[DATA TO EXAMINE — start]
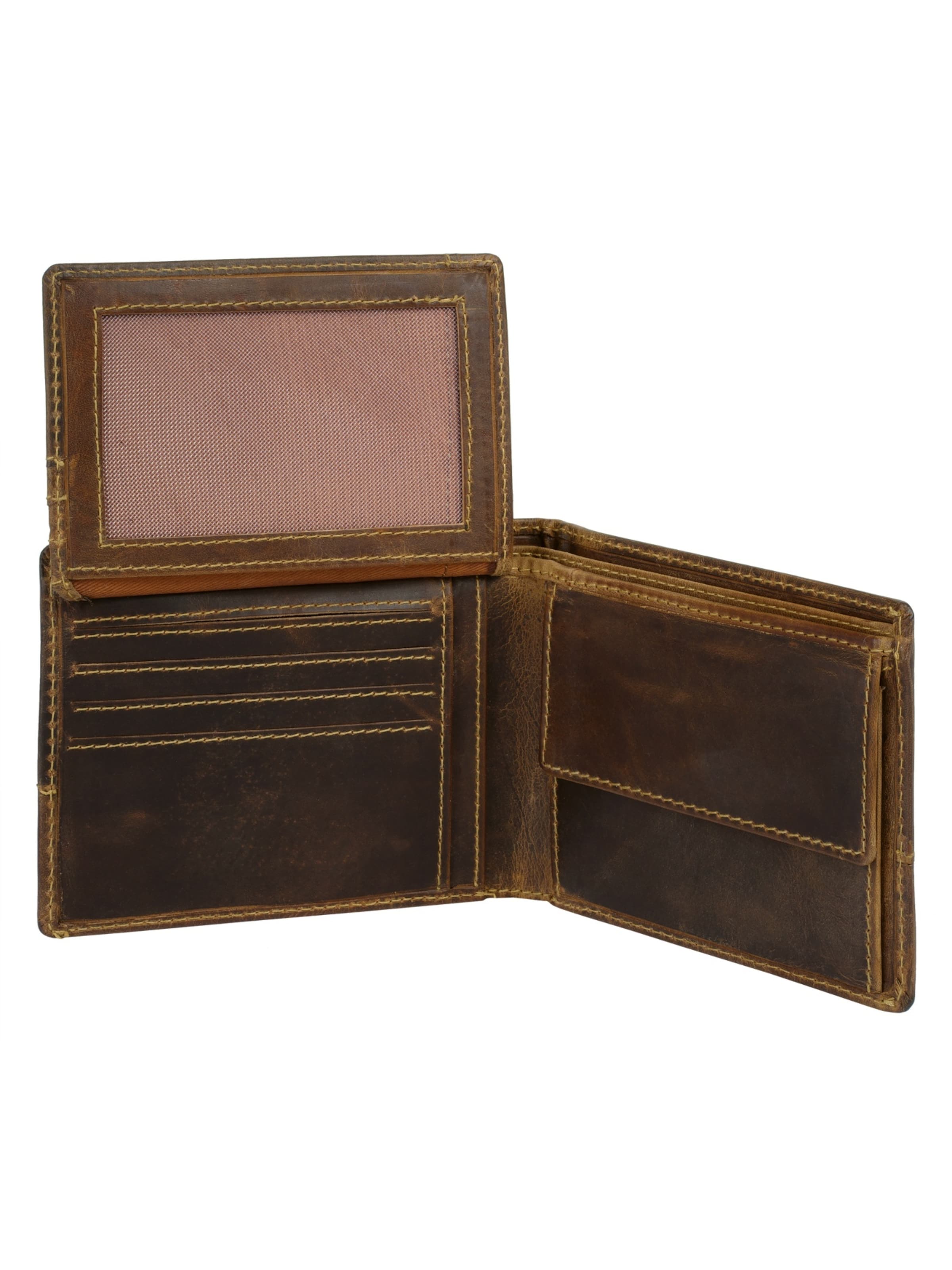 CHIEMSEE Wallet in Brown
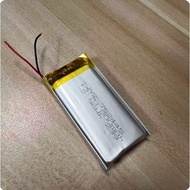 1 piece 3.7V LiPo 752445 800mAh Battery (Lithium Polymer) Batteri without Connector for MP3 Bluetoot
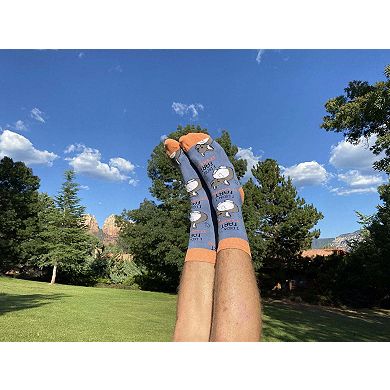 Men's Crew Socks -Not A Fart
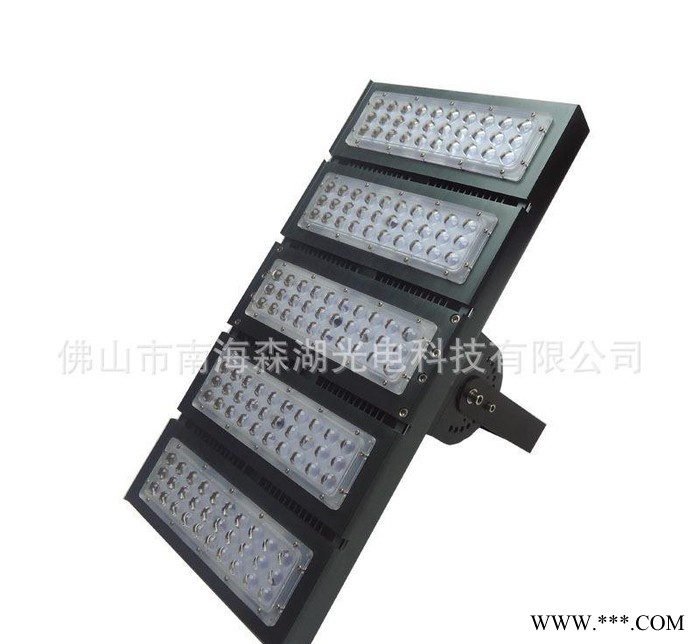 180W大功率隧道灯外壳 LED投光灯外壳图2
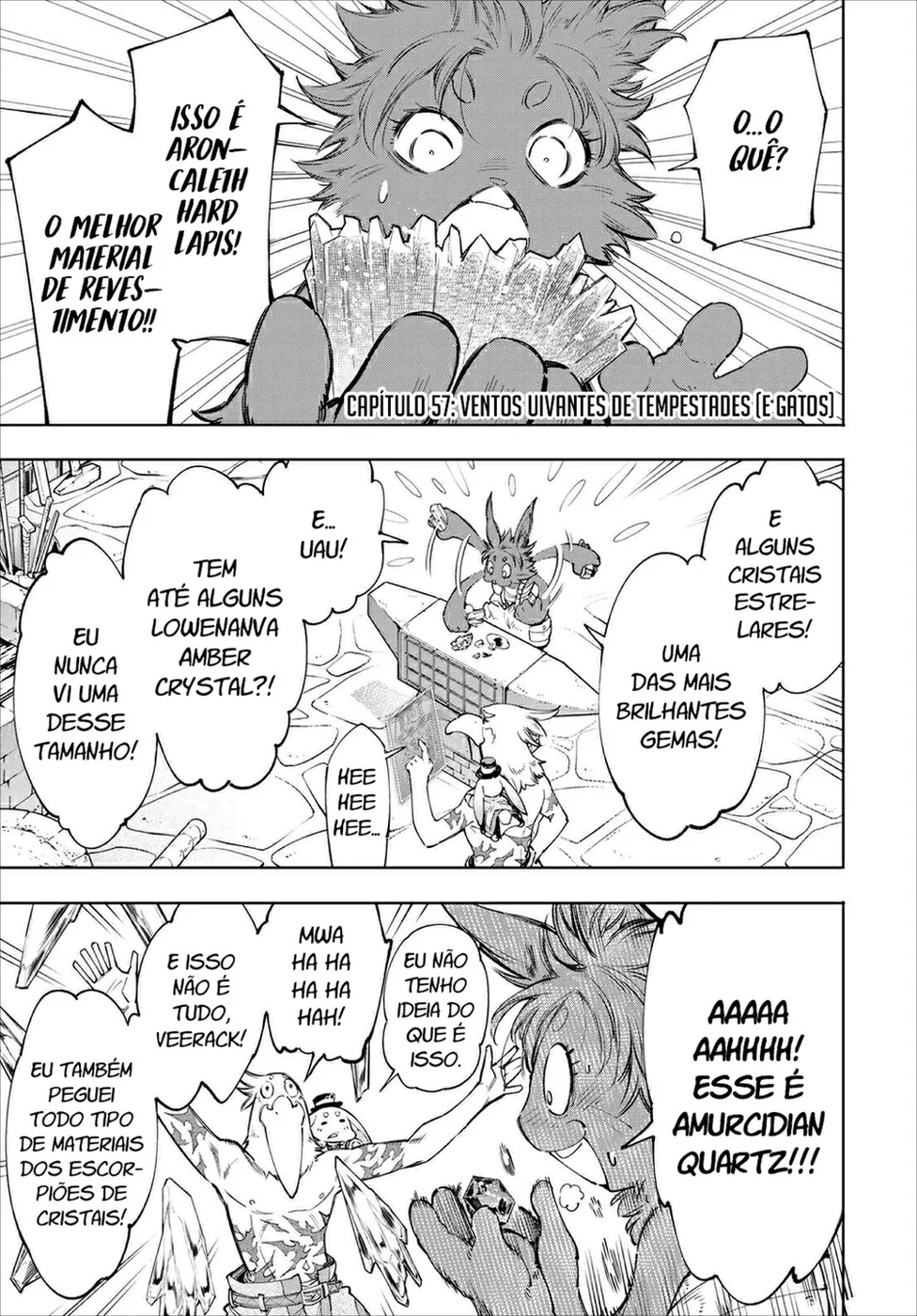 Read Shangri La Frontier PT Manga Online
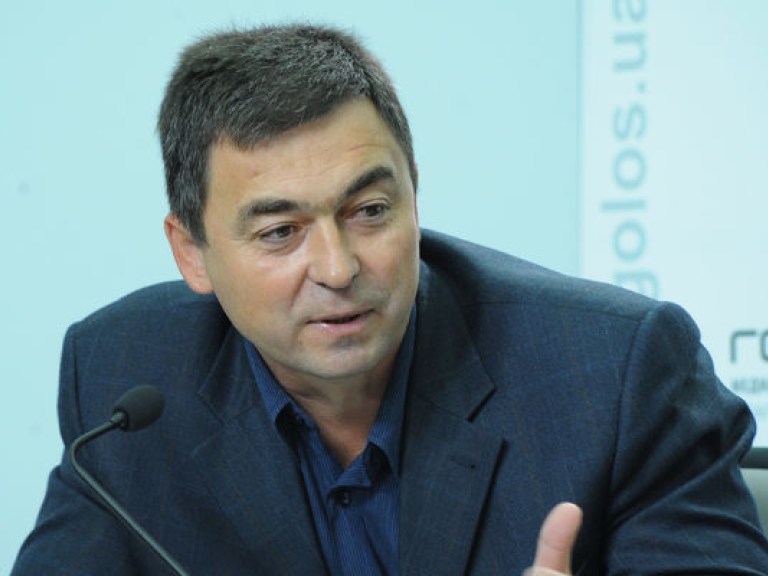 В. Степанюк: «В Украине усугубится «вражда» между политикой и экономикой»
[DATA TO EXAMINE — finish]
• **PROMPT**: All of the records above are to be written out exactly, minus their images.

• **OUTPUT OF THE EXERCISE**:
 CHIEMSEE Wallet in Brown
 1 piece 3.7V LiPo 752445 800mAh Battery (Lithium Polymer) Batteri without Connector for MP3 Bluetoot
 Men's Crew Socks -Not A Fart
 180W大功率隧道灯外壳 LED投光灯外壳图2
 Read Shangri La Frontier PT Manga Online
 В. Степанюк: «В Украине усугубится «вражда» между политикой и экономикой»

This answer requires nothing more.